PROMPT
Exactly the lines from the one containing "Hercule Entre Le" through the end of the records must be reproduced; leave out all pictures.

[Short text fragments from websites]
- Opening Delimiter -
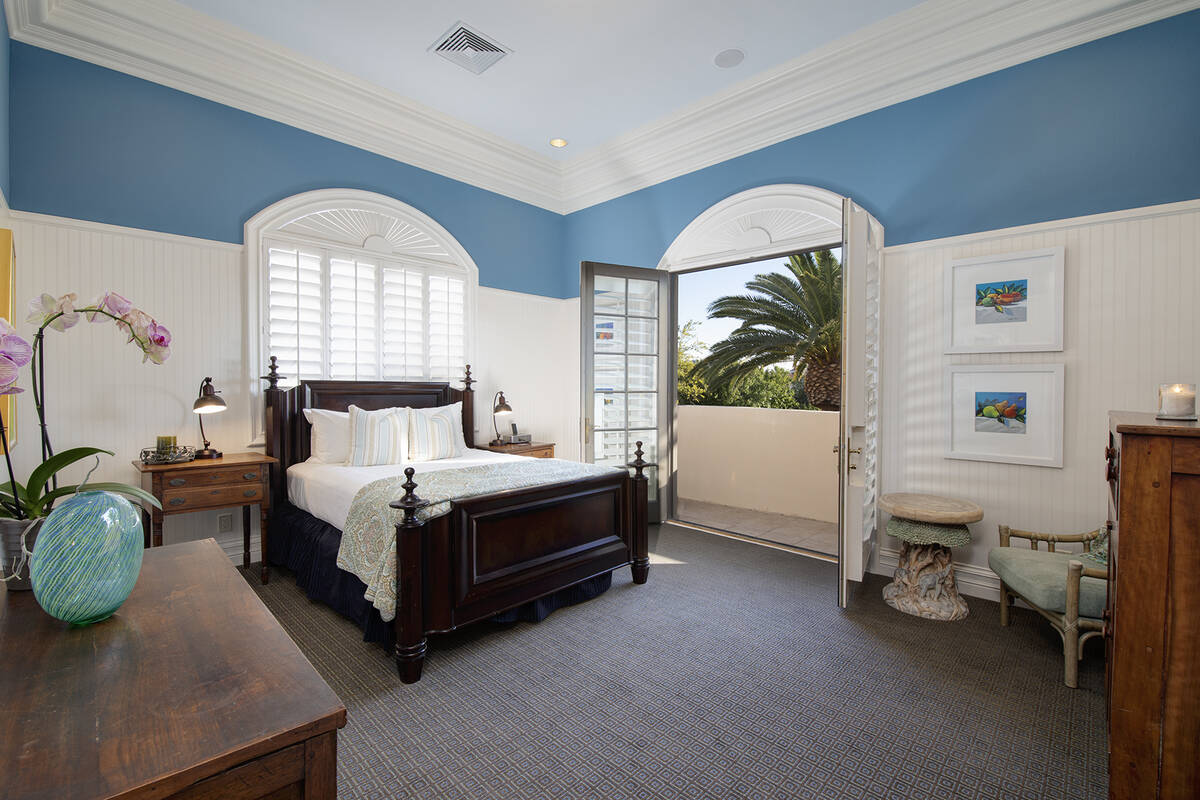 One of 11 bedrooms. (Corcoran Global Living)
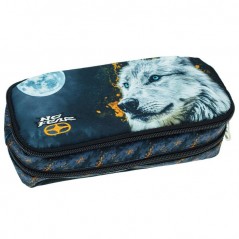 Pencil Barrel Case No Fear White Wolf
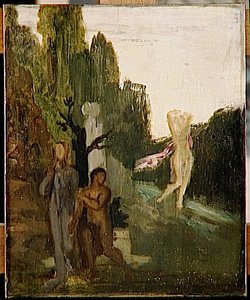 Hercule Entre Le Vice Et La Vertu — Gustave Moreau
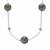 Tahitian Cultured Pearl Necklace with Zambian Emerald in Sterling Silver (11mm)
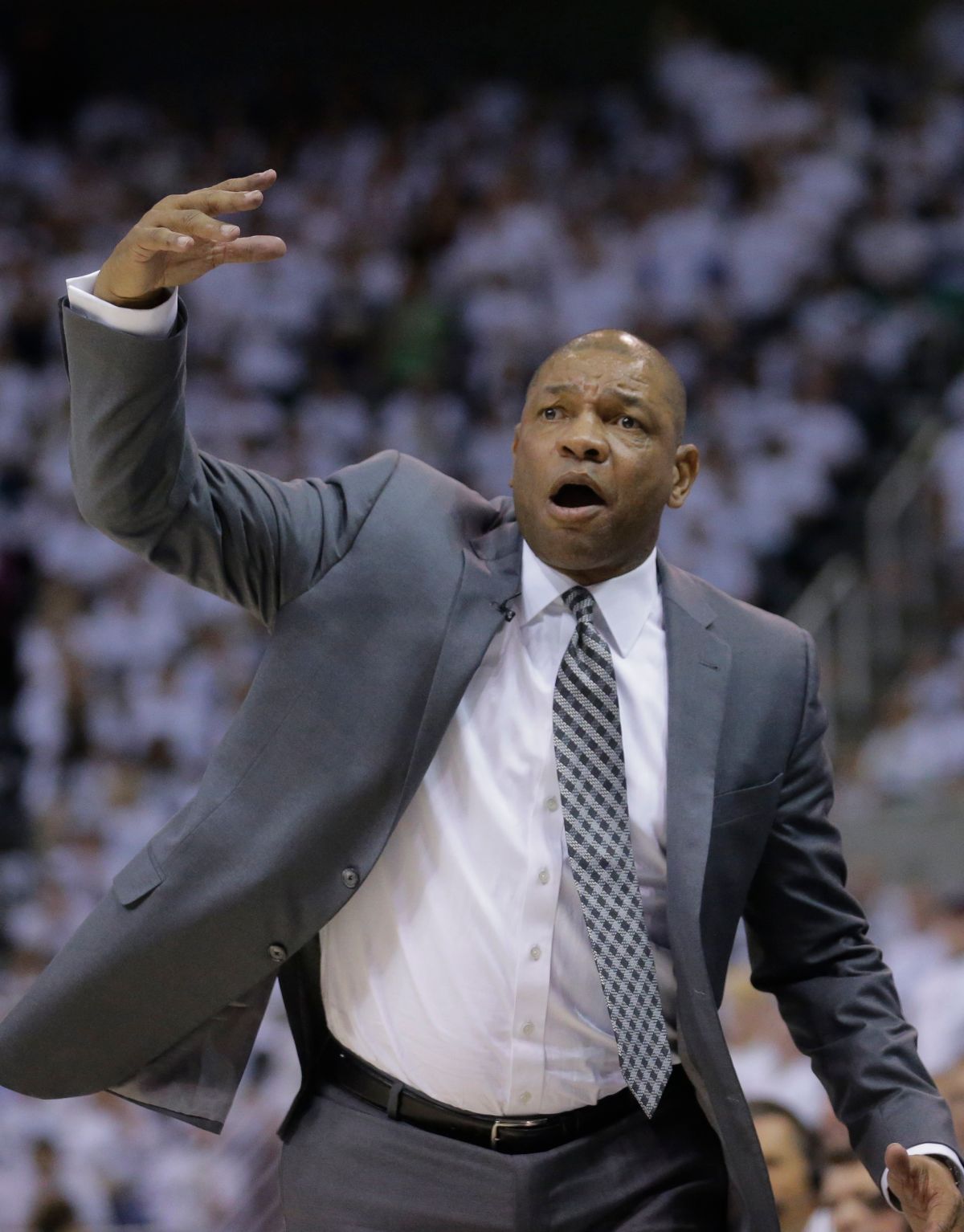 快艇隊解除Doc Rivers總裁的職位，希望他能專心執教（圖／美聯社／達志影像）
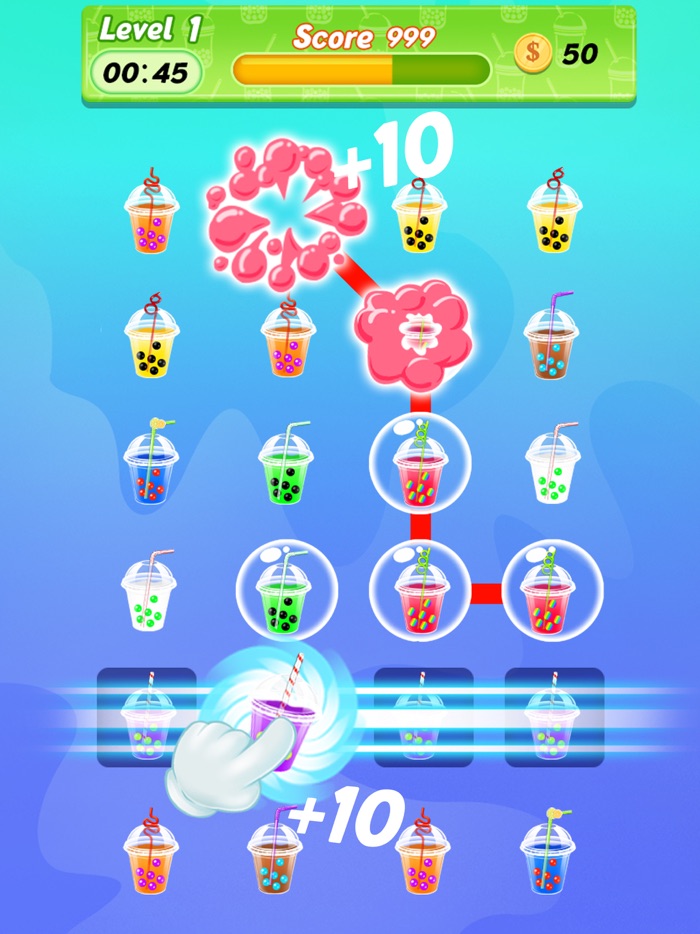Bubble Tea Match Puzzle
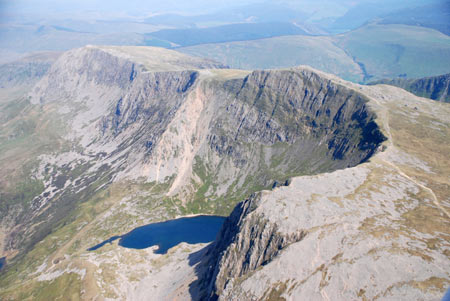 Prehistoric sites, open mountainside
- Closing Delimiter -
SOLUTION TO THIS PROBLEM
 Hercule Entre Le Vice Et La Vertu — Gustave Moreau
 Tahitian Cultured Pearl Necklace with Zambian Emerald in Sterling Silver (11mm)
 快艇隊解除Doc Rivers總裁的職位，希望他能專心執教（圖／美聯社／達志影像）
Bubble Tea Match Puzzle
 Prehistoric sites, open mountainside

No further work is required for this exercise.